Based on my limited understanding, I see two possible ways to implement, and I want to know if any one of them is feasible from the perspective of OpenFAST’s software structure:

1. The idea of the first approach came from the structure of OpenFAST itself. So it looks that OpenFAST itself is already a platform coordinating multiple sub-programmes, as you guys called it “glue-code” (Figure 2a). For SubDyn, in particular, which represents the transition piece and the SSI effect, it interacts with the glue-code in terms of exchanging inputs and outputs of motions and forces. Abaqus, on the other hand, can do that as well. So the idea would be to first de-couple OpenFAST, then replace SubDyn (or more) with Abaqus there, and finally, perhaps to modify the FAST-driver a bit to make the data exchange formatted for Abaqus (Figure 2b). (Another thing, I’m not sure, but it seems ElastoDyn governs both the structural analyses of the blades as well as the tower, so you cannot easily split the two? i.e., in such case, the “substructuring interface” shown in Figure 1 perhaps needs to be placed in between the tower-base and the top of the transition piece, rather than between the nacelle and the tower-top?) Figure 2a: SubDyn, HydroDyn, and FAST 8 coupled interaction (figure from SubDyn documentation). Figure 2b: The idea of replacing SubDyn with Abaqus within the OpenFAST framework.

2. The second possible approach is to “manually” two-way couple these two analysis processes shown in Figure 1. So basically:

Step 1-1: Start a “partial-OpenFAST” analysis, enforce interfacing DOFs’ motions from Abaqus at t = 0 s (initial motions) as boundary conditions, and analyse only a single time step (say, 0.001 s), starting with the status of the partial-OpenFAST model at t = 0 s (initial status of the turbine). ( by saying “partial-OpenFAST”, my understanding is possibly to use the independent version of AeroDyn + ServoDyn +ElastoDyn + HydroDyn). Step 1-2: Kill the partial-OpenFAST simulation at t = 0.001 s, read output forces from partial-OpenFAST at the 6 interfacing DOFs at moment t = 0.001 s, and record the status of the partial-OpenFAST model at t = 0.001 s.

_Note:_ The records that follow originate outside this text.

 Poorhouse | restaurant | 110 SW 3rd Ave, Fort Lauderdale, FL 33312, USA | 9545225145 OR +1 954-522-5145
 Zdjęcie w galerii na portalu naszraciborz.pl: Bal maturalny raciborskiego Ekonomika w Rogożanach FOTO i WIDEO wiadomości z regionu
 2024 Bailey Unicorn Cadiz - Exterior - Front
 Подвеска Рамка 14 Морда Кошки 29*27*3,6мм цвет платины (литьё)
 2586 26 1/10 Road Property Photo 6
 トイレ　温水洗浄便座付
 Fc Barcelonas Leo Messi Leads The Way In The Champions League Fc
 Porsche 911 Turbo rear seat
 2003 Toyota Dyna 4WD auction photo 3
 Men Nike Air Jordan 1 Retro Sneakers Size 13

Step 1-3: Start an Abaqus simulation, enforce interfacing DOFs’ forces from partial-OpenFAST at t = 0.001 s as boundary conditions, and analyse only a single time step, starting with the status of the Abaqus model at t = 0 s. Step 1-4: Kill the Abaqus simulation at t = 0.001 s, read output motions from Abaqus at the 6 interfacing DOFs at moment t = 0.001 s, and record the status of the Abaqus model at t = 0.001 s. Step 2-1: Start the 2nd partial-OpenFAST analysis, enforce interfacing DOFs’ motions from Abaqus at t = 0.001 s as boundary conditions, and analyse only a single time step, starting with the status of the partial-OpenFAST model at t = 0.001 s. Step 2-2: Kill the 2nd partial-OpenFAST simulation at t = 0.002 s, read output forces from partial-OpenFAST at the 6 interfacing DOFs at moment t = 0.002 s, and record the status of the partial-OpenFAST model at t = 0.002 s. Step 2-3: Start the 2nd Abaqus simulation, enforce interfacing DOFs’ forces from partial-OpenFAST at t = 0.002 s as boundary conditions, and analyse only a single time step, starting with the status of the Abaqus model at t = 0.001 s. Step 2-4: Kill the 2nd Abaqus simulation at t = 0.002 s, read output motions from Abaqus at the 6 interfacing DOFs at moment t = 0.002 s, and record the status of the Abaqus model at t = 0.002 s. Subsequent steps: Start the 3rd partial-OpenFAST analysis … Loop over to the end.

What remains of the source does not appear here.